◆ Records shown:
________________________
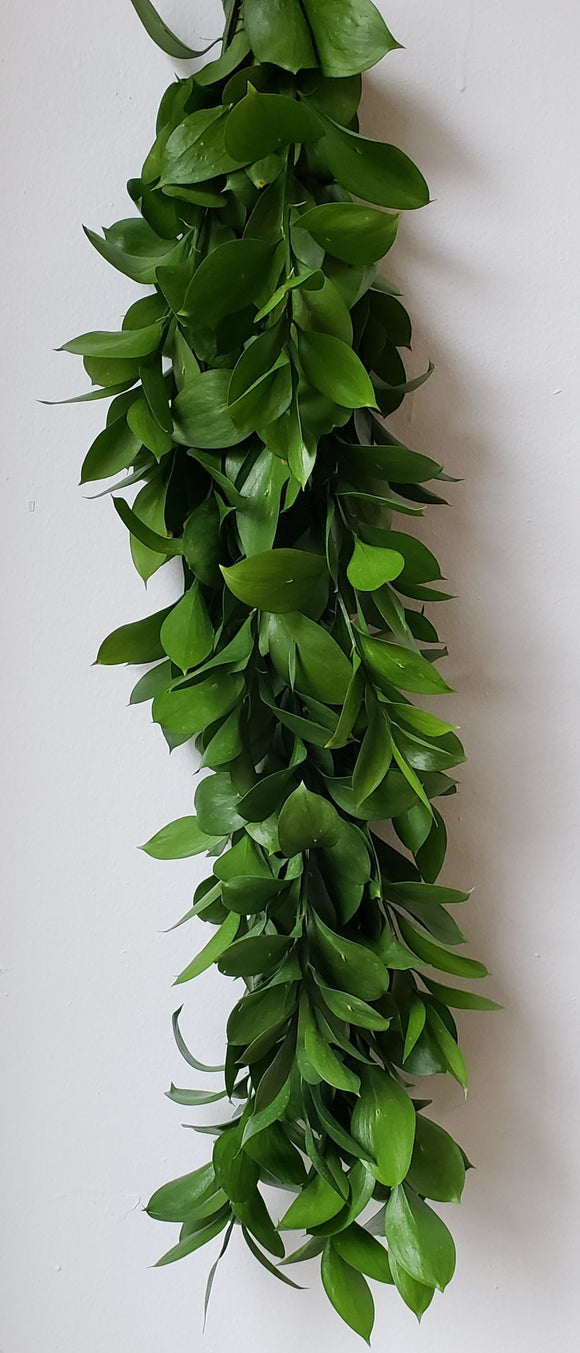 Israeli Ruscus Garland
________________________
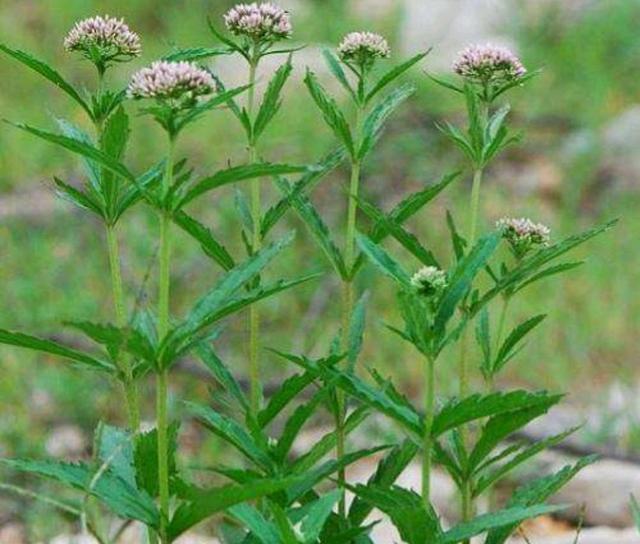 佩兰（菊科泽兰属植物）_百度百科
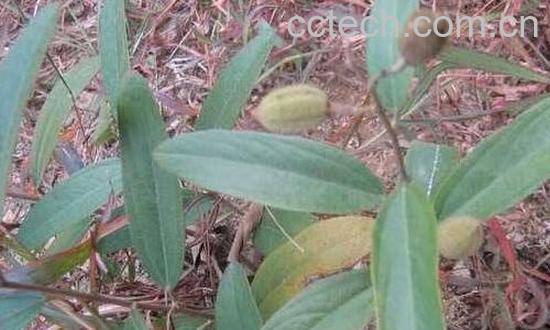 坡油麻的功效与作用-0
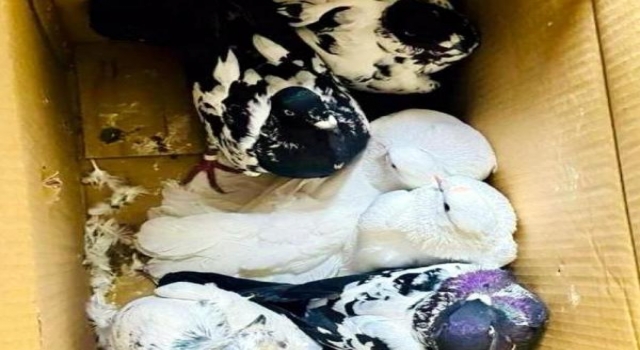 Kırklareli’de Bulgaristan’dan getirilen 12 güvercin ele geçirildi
________________________
◆ Exercise instructions: Given the listing above, retype only the span of lines from the line with "坡油麻的功效与作用-0" up to and including the line with "Kırklareli’de Bulgaristan’dan getirilen", exactly as it stands and without pictures.

◆ Solved exercise:
 坡油麻的功效与作用-0
 Kırklareli’de Bulgaristan’dan getirilen 12 güvercin ele geçirildi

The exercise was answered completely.